Swift COVID-19 Rapid Testing site, entry and waiting area without demand.
Mid-afternoon on Day Two, the entry point for testing was idle. Two PSD officers hung out in the vestibule.

Kickbacks? Fraud? A Whistleblower Assault on Shelton Haynes


The whistleblower assault on Shelton Haynes, loaded up in an anonymous letter, features a gloves-off attack on his handling of the Swift Emergency Care COVID Testing Site. The writers are so incensed over it, they led off with it as general complaints went specific. Much was off base or out of proportion. But in this case of “Where there’s smoke, there’s fire,” there is an awful lot of smoke. This is Part Three.

by David Stone

The Roosevelt Island Daily News

Entrance, Swift COVID-19 Rapid Testing site.
On opening day, the Public Safety Department stationed an officer as a barker out front, urging passersby to go inside for testing.

The Core of the Whistleblower Assault

“In January of 2021, RIOC opened a COVID-19 testing site managed by Swift Emergency Care, P.C., a company founded solely with the purpose to defraud RIOC, and run by Dr. Christian Bannerman,” the whistleblowers say. But there is no concrete evidence or documentation.

At the same time, there is so much questionable and documentary evidence that it could fill a book in itself. So much it would overwhelm everything else.

As we reported last year, RIOC’s response to our FOIL request exposed a raft of questionable activities involving the Swift site. And that relied on a clumsy partial response. After we published, RIOC clammed up, refusing a request for many missing documents.

Already, there was clear evidence of “unconventional” purchasing decisions, attempts to cover up improper spending, failures at monitoring expenses and falsified documents. RIOC, it seemed, had gone back with picks and shovels to cover many misdeeds.

Once RIOC slammed the door on other documents they are legally obliged to share, we put a package together for the state’s Inspector General. We believe an investigation is ongoing.

Some New Information from the Whistleblowers

Follow the links above for detailed accounts, but the whistleblower assault includes items we didn’t know about when we published.

Swift Emergency Care stated that they were reporting test results first to New York State, then corrected it to New York City. However, in searching both public and private reporting platforms, no data for the site was found.

NYSWeDeserveBetter/Saturday, March 26th, 2022.

On a practical level, this may make the most noise. While COVID-19 raged, city and state working off statistics, RIOC’s partner – allegedly a close friend of President/CEO Shelton Haynes – appears to have withheld critical data.

This resonates because numbers offered to the board by Haynes’s handpicked coordinator of the Swift Operation, Mary Cunneen, never made sense. And observation made them absurd. Inflated and unverifiable. It may also explain why Swift did not leave any official records. You can’t disprove what doesn’t exist in reality.

A Quid Pro Quo?

Reviewing the whistleblower assault, we stumbled on something else.

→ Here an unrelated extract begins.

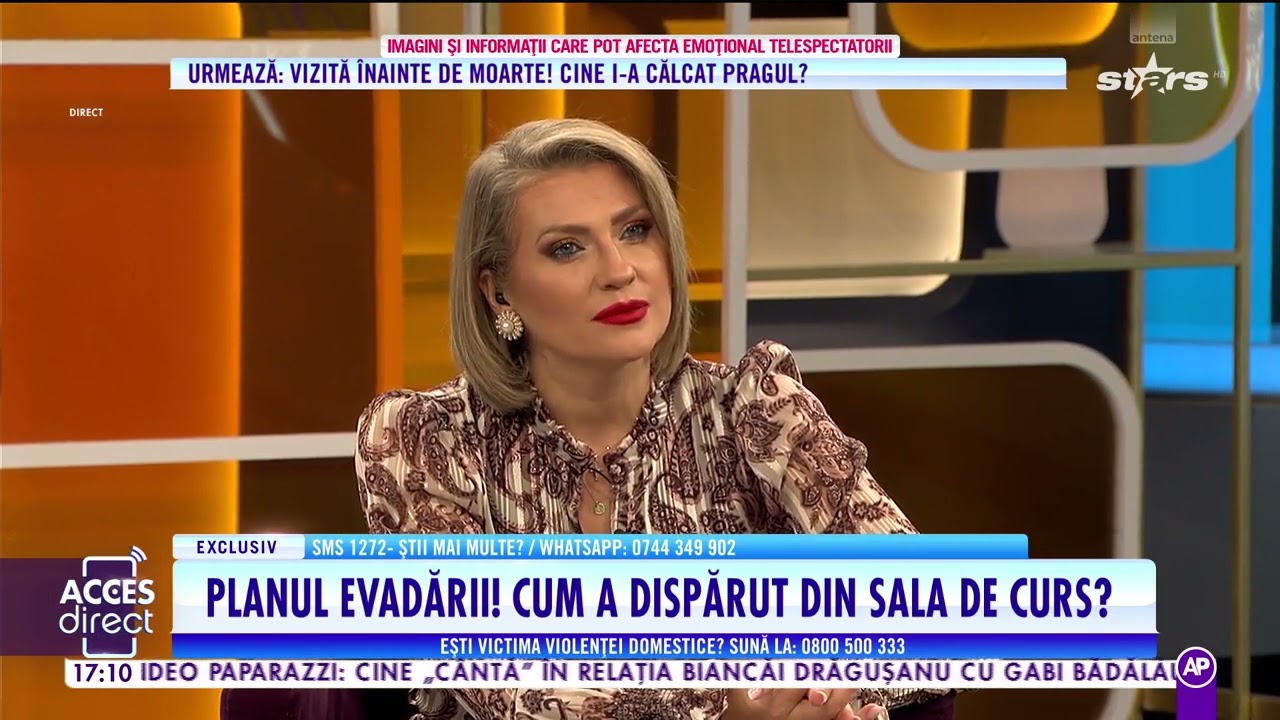 Fiica lor a devenit de nerecunoscut. Pe cine acuză părinții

A deal Haynes cut with Hudson-Related, agreeing to $1 rent for 524 Main Street, which RIOC rolled over to Swift Emergency Medical, may have been a trade-off. Here are the facts.

After the New York Public Library pulled up stakes, moving to its new location a few doors down the block, 524 Main sat idle. Hudson-Related found no one interested in the space. It made sense to offer the location as essentially a painless contribution to the cause of fighting COVID.

NYPL had been paying about $26K annually for the site, making its departure a big hole in Hudson-Related’s income. But a not-so-unpredictable solution was found. Instead of renewing its 45-year-old lease at 591 Main, RIOC took much smaller space at 524 soon after Swift closed up shop. There were repercussions with the state crowding nonprofits out of the Cultural Center, compensating for the now inadequate office.

There was a lot worse, though. RIOC agreed to pay $76,000 per year for their new offices. That’s right – triple what the last tenant paid without a single whiff of competition. And you can add in thousands piled on for renovating the new space and decommissioning the old.

The whistleblowers are right in calling this scandal into the open, but to their credit, it’s even worse than their write-up, which they have now released online.